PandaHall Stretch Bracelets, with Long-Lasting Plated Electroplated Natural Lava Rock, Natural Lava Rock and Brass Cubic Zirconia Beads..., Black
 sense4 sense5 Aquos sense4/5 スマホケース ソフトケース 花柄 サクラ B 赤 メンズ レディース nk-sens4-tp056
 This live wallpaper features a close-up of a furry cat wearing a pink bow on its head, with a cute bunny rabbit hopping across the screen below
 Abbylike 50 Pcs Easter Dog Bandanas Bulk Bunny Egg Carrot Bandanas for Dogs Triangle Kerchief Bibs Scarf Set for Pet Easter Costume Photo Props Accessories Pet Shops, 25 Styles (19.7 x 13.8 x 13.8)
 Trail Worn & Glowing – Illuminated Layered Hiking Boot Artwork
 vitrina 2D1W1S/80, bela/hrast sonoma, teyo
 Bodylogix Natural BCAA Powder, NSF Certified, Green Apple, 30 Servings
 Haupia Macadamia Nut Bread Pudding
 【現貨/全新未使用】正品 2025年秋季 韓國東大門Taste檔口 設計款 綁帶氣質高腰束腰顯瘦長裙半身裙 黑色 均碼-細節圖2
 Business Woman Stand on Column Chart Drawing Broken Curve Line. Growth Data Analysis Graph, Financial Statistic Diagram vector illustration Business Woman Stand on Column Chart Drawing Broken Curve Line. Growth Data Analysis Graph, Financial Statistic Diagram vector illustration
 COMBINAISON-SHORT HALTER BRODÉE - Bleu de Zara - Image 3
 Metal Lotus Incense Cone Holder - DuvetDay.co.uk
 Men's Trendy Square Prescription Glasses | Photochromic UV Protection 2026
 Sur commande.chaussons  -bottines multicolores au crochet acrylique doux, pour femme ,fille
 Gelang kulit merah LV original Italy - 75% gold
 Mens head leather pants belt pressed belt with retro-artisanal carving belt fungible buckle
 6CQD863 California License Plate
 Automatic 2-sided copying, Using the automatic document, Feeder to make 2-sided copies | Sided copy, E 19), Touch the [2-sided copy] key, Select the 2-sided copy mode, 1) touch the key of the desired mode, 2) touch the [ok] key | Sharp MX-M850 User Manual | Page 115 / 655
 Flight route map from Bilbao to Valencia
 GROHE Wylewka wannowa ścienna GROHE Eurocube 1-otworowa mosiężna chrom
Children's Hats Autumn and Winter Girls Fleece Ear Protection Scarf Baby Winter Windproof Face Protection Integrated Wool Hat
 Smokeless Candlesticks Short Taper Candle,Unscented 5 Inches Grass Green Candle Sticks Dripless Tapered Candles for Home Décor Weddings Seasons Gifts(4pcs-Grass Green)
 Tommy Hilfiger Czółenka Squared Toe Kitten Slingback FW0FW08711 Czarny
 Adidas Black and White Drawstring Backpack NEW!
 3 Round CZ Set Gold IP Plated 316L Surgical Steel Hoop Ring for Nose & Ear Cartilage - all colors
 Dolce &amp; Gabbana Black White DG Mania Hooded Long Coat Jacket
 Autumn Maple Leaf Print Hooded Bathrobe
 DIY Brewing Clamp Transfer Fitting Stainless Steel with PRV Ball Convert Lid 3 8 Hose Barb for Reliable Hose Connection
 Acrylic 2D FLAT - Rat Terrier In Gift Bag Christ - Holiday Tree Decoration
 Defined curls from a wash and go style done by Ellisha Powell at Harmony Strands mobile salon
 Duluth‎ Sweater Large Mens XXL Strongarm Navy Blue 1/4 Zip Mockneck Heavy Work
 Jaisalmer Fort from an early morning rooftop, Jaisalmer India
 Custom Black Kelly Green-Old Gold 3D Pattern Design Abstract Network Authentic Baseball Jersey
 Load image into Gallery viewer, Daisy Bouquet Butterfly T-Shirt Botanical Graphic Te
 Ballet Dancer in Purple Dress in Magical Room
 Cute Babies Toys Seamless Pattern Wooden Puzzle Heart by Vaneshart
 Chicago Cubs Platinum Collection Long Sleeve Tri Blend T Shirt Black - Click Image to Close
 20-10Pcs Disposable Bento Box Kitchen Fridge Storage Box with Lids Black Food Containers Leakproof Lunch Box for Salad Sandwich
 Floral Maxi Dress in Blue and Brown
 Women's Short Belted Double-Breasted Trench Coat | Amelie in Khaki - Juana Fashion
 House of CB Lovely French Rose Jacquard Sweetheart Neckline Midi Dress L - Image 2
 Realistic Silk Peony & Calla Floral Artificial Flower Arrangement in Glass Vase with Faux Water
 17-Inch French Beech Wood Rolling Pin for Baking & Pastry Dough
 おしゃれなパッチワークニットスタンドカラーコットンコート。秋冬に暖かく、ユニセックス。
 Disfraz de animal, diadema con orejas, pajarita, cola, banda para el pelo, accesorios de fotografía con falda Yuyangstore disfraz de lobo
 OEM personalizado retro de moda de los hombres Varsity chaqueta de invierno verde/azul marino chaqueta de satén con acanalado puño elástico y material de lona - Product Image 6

• **Task details**: Which lines above contain the word "Hooded"? Show each of them.

• **Task response**:
 Dolce &amp; Gabbana Black White DG Mania Hooded Long Coat Jacket
 Autumn Maple Leaf Print Hooded Bathrobe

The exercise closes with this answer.